In Canadian luxury retail, where legacy brands and emerging labels coexist, this approach is particularly valuable. Leadership is not about ego. It is about augmentation. It is about strengthening what exists rather than diluting it.
Talent as the Strategic Advantage
Luxury brands succeed when teams embody the brand consistently. That requires recruitment, mentorship, and ongoing development.
Mandel’s transition into Dior was not accidental. He deliberately positioned himself for roles at the highest level. Industry mentors advised aiming high and aligning with brands that reflected personal values. By adding academic rigor to practical experience, he expanded credibility and opportunity.
Inside global houses, he observed that retail excellence depended on more than aesthetics. It required training systems, clear KPIs, disciplined clienteling, and leaders who could inspire performance while preserving brand integrity.

Leading in luxury means understanding that store managers and sales associates are not simply staff. They are brand ambassadors. Their tone, posture, and pacing shape perception as much as visual merchandising.
For Canadian retailers, investing in talent development is no longer optional. As luxury expands in major urban centers, competition for experienced retail professionals intensifies. Brands that build culture intentionally will retain talent more effectively than those that rely solely on compensation.
Fractional Leadership and Modern Agility
The luxury market has evolved. Growth-stage brands often face expansion pressure without the infrastructure of global groups. Hiring a full-time head of retail can be costly and time-consuming.

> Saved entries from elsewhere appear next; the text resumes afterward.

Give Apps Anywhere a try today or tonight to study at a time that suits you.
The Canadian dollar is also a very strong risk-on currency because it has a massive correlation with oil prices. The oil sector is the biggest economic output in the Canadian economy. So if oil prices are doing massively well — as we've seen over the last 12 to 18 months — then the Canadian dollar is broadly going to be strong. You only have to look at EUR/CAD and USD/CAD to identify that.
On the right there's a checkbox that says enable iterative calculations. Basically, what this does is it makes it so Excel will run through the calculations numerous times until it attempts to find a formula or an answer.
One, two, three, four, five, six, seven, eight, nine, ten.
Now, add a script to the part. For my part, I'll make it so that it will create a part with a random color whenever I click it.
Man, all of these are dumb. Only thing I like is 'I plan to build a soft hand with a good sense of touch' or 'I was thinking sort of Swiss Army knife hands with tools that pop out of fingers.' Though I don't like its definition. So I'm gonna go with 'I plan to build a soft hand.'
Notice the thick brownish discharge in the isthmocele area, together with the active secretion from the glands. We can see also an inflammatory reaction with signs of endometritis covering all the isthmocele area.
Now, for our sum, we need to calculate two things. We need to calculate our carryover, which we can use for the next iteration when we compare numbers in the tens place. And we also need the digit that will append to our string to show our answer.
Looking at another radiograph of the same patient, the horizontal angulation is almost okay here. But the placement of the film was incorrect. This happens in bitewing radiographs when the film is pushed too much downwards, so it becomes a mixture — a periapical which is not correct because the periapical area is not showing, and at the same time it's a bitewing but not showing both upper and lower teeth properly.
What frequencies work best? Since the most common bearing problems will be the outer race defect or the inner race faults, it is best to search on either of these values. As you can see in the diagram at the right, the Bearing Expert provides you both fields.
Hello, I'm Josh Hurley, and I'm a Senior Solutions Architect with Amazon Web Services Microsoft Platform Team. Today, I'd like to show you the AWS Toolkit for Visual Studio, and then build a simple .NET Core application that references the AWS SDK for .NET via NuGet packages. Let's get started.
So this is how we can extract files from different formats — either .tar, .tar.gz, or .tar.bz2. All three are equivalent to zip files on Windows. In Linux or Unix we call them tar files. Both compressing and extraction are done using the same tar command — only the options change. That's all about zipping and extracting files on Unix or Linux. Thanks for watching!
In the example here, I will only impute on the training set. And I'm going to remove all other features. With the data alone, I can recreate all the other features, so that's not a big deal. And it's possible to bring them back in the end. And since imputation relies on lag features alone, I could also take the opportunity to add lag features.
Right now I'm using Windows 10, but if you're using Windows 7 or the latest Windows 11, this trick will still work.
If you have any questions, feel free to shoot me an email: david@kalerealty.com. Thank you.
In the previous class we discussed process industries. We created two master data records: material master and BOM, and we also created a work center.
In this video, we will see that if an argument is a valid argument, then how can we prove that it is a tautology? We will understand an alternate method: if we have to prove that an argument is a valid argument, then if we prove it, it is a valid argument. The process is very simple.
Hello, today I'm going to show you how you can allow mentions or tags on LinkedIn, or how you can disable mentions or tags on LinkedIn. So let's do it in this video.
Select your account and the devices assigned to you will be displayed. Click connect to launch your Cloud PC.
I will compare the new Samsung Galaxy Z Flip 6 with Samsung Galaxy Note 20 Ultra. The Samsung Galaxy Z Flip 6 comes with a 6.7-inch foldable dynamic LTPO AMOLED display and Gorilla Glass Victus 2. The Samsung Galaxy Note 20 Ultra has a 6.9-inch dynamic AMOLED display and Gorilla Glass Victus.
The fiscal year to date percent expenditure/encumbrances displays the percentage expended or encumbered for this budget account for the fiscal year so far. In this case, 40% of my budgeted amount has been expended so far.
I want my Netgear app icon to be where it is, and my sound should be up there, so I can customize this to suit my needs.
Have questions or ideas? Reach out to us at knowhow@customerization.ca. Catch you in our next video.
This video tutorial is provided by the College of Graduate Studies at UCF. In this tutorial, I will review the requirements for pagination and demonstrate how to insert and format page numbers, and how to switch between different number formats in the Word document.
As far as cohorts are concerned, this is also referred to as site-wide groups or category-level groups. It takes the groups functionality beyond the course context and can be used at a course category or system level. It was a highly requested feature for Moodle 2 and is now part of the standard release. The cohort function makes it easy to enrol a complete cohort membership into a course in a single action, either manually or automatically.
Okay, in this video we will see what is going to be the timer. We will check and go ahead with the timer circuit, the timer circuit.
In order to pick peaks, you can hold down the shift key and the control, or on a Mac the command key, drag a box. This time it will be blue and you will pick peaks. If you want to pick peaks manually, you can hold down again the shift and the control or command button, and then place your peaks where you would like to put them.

Mandel highlights the rise of fractional retail leadership as a strategic alternative. Under this model, a senior executive provides strategic oversight, mentorship, and systems development on a part-time basis. The objective is agility without sacrificing expertise.
“In today’s environment, flexibility is the ultimate luxury,” Mandel says.
For brands launching first stores, testing pop-ups, or preparing for capital raises, this approach can provide immediate strategic structure. Retail playbooks, performance dashboards, clienteling frameworks, and team culture initiatives can be implemented without the overhead of a permanent executive hire.
In Canada’s entrepreneurial luxury ecosystem, this model has growing relevance. Founders often excel at creative direction but may lack retail operations experience at scale. Fractional leadership bridges that gap while preserving flexibility.
Leading in luxury today requires balancing vision with pragmatism. Agility itself has become a competitive advantage.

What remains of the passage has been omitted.